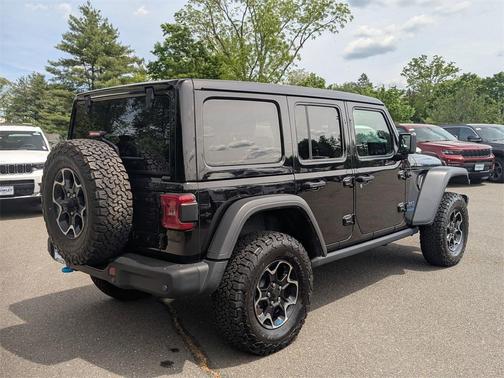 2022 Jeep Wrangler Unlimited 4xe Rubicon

--------------------------------

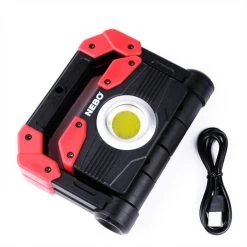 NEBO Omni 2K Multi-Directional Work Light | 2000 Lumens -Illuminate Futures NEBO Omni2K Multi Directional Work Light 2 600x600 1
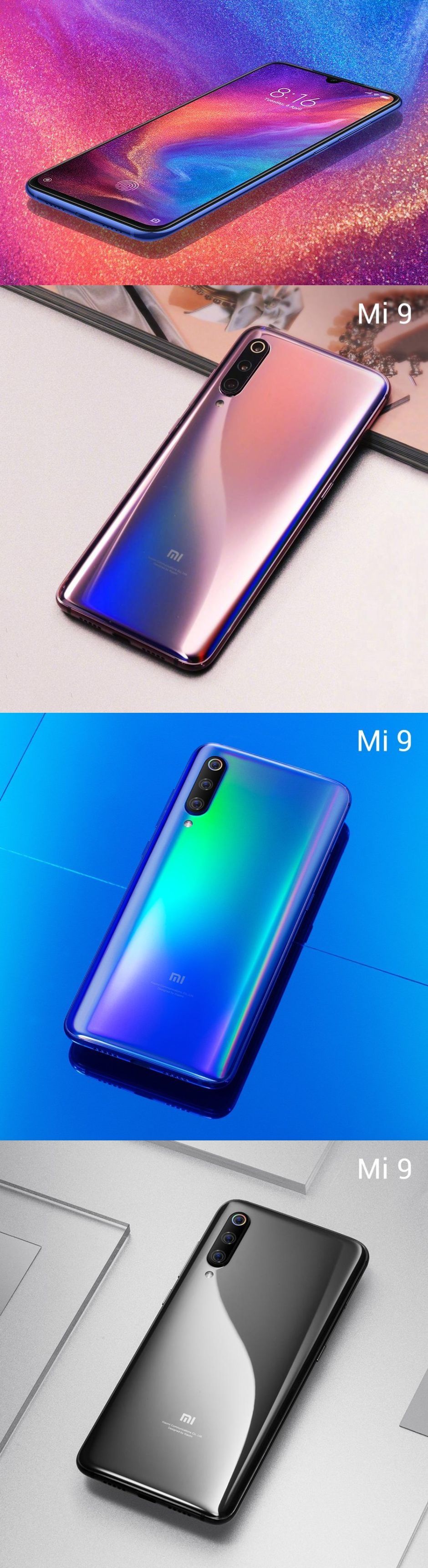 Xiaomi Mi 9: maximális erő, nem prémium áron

--------------------------------

■ Assigned task: Copy only what lies between the line with "NEBO Omni 2K" and the line with "Xiaomi Mi 9: maximális erő, nem prémium áron", those two lines included, exactly as given above; pictures stay out.

■ Result for this exercise:
 NEBO Omni 2K Multi-Directional Work Light | 2000 Lumens -Illuminate Futures NEBO Omni2K Multi Directional Work Light 2 600x600 1
 Xiaomi Mi 9: maximális erő, nem prémium áron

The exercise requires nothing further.